First of all, pointers (used in a Linked List) are just another way of representing data. Therefore pointers are again data structures. The difference this time, is that no programming language sets the data structure itself (like arrays). We cannot declare a variable like var data:pointer;.

Instead we need to create that type ourselves. We usually declare that type as a record. The reason for that is that we need to keep at least two pieces of information in our pointer. It should contain the value of what we want to save (it can be a string, integer etc..), but also the value of what it points too (usually another pointer or nil). 

So the first thing we do is we create a type which we will be using as a pointer.

So the declaration type TPtrNode = ^TListNode; shows we are declaring a type ourselves. The type we created is called TPtrNode so we can now make a declaration var pointer:TPtrNode;. Now that type is declared as ^TListNode. That means its a pointer to TListNode. What is TListNode? It's a record we will be declaring right now. As we said previously, our pointer needs to contain at least two pieces of information. 

TListNode = record
         element: string;
         next: TPtrNode;

So now, our variable pointer is of a type that points to this record. Therefore its a pointer. Note that one value of the record is of the type our variable is. That is done because a pointer points to another pointer. Therefore next is a pointer to another pointer. The element saved in every point is that of a string. 
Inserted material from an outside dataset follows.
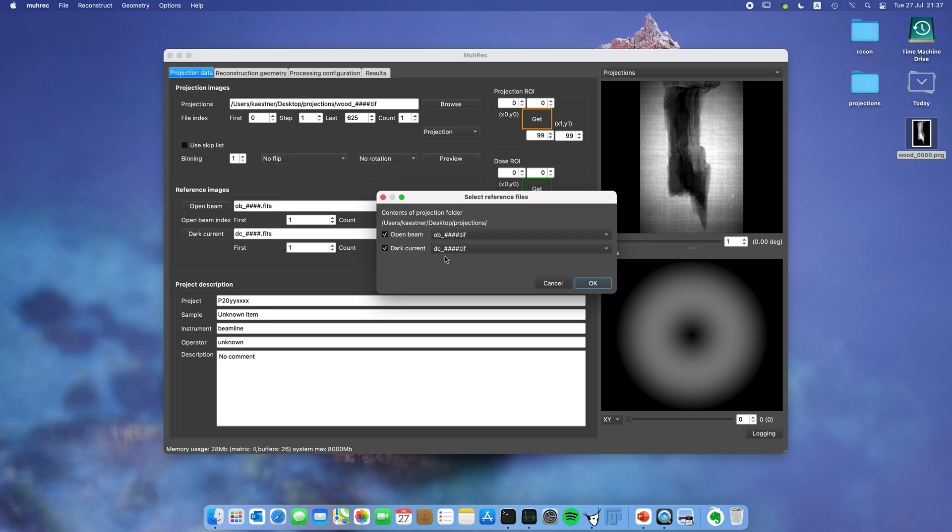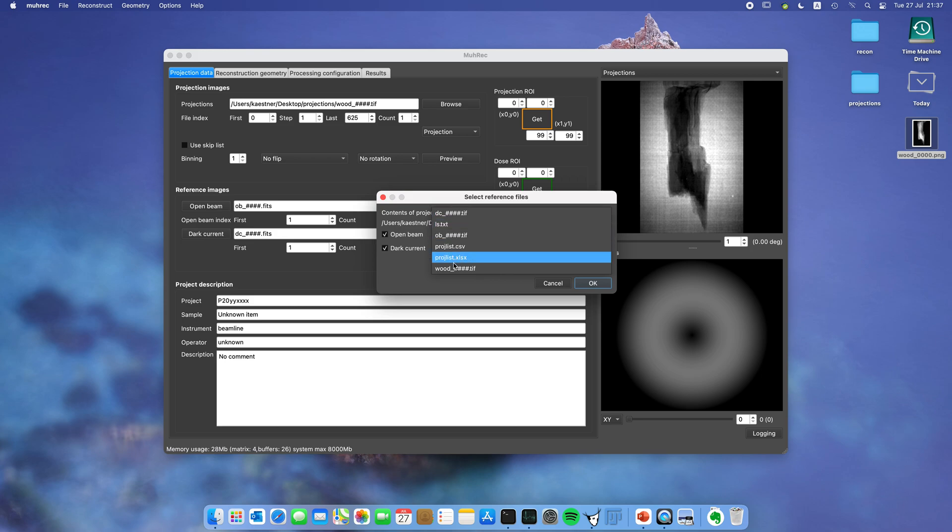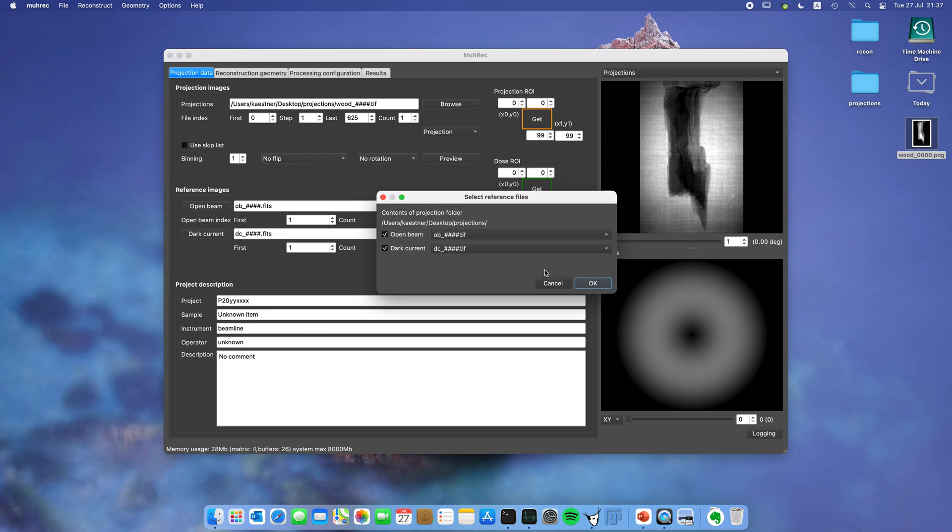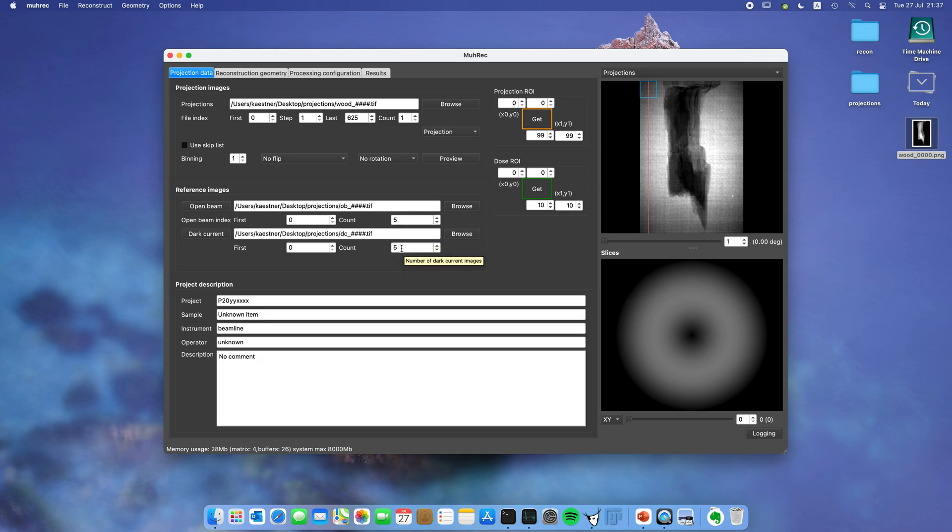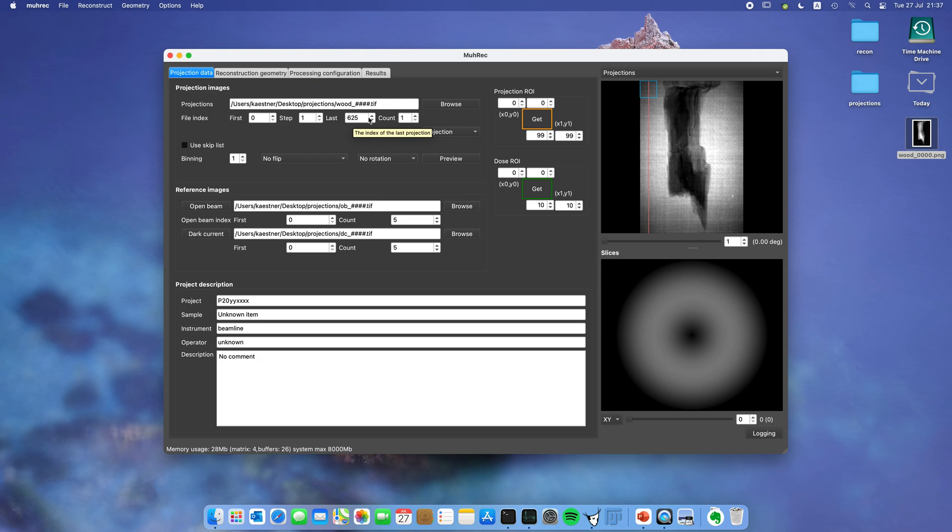You can see this dialog which shows you suggested open beam images and suggested dark current images. If they're correct you can just choose to take them, or you can click on this combo box and see different options. In this case it's actually correct, so I click OK. Then it fills in the file names of open beams and dark currents. You can see here that you have five of these and five of these, and you have 625 projections in the projection data.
If you have hopefully grasped what has been stated above we can now move even further into how pointers work. Instead of calling our pointer pointer it is conventional to call the first pointer in a linked list a head. Therefore var head:TPtrNode;. Note, to initialize a pointer we call new(head); (head is an example) to create a space in meomory for it. Say we want to add information to head we have to access the record it is pointing to. Since head is not a record itself but a pointer to a record, we cannot use head.element:='test';. Instead we have to use head^.element:='test';. One more information is needed in our record now. We need to fill the value next in our record pointed to by head. That now has to be a variable of type TPtrNode (like head since both are pointers). Also by convention, we usually use a temporary variable and put our information and make it next of an item in the list. So var temp:TPtrNode;. We now set its values like head, temp^.element:='test2'; temp^.next:=nil. Nil indicates the end of the list so it doesn't point to another pointer and that's ok. Even though next is of type TPtrNode we can also assign Nil to it indicating that we have nothing after that pointer. So now if we make head point to temp by doing, head^.next:=temp;, we have two items in our linked list. Head -> ('test') -> Temp -> ('test2') -> Nil.
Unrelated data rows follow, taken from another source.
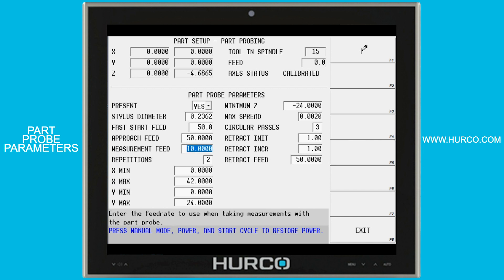Once it makes contact with the part, it's going to take measurements at the measurement feed rate, and it's going to complete the probing cycle the number of times set in repetition. So in this case, it would probe the feature two separate times to find zero. That's true for everything except circles, which we'll talk about in a minute.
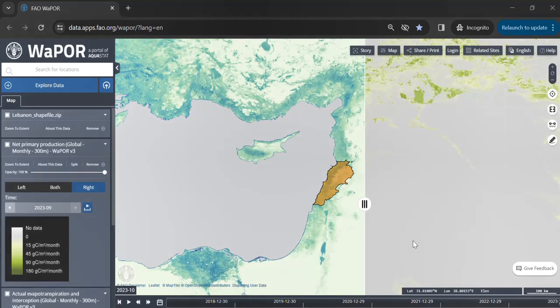Hello, my name is Susanne Dehauti and in this video we will explore how to conduct time series analysis using the Vapor portal. First, let's focus on conducting a point time series analysis for the actual evapotranspiration layer.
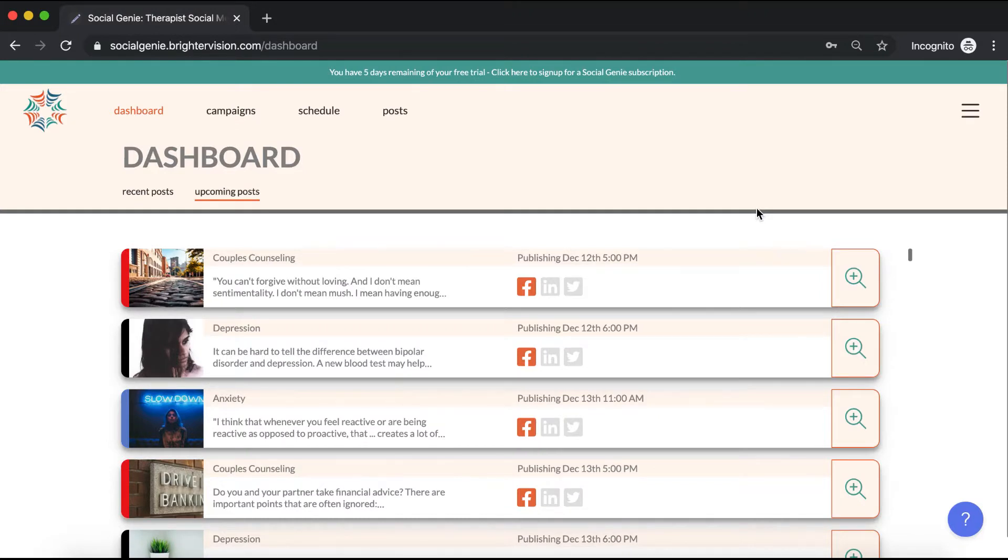Hi, and welcome to Social Genie, the absolute best social media management tool for therapists and mental health professionals.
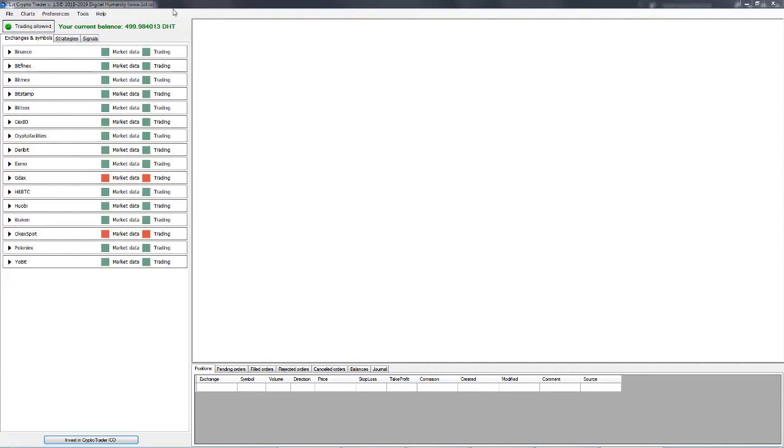Hello everyone and thank you for joining us today. In this presentation we're going to show you how to use Spread Arbitrage, which is our new crypto trader tool.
Temp has now finished its job so we can re-set it to nil, temp:=nil; and get Head -> ('test') -> ('test2') -> Nil. The only pointer we need to always remember is head, because that indicates the beginning of the list. So this could be an array of two integers, but here is where pointers differ. They have no actual limit, like arrays, and we don't have to reserve extra memory than we need. Because when we declare an array with 12 positions for example those 12 spaces in memory are treated like they are used and if we only use 5 spaces for example we have wasted 7 spaces in memory (the heap). 

To go through the list and print information we can use a loop starting from the head until the end of the list. The loop could go like

var temp,previous:TPtrNode;



temp:=head; { We start printing from the head }

while temp^.next <> nil do { While there are more pointers in the list }




      temp:=temp^.next; { Temp is always re-set to the next element }




So as you see the head is needed so we can start from there and move along the list. The loop checks if the next item is a pointer or nil. If there is a pointer it goes on to print the element inside, or else the loop stops. Note that the loop stops without printing the last element so we need to put a last writeln at the end. 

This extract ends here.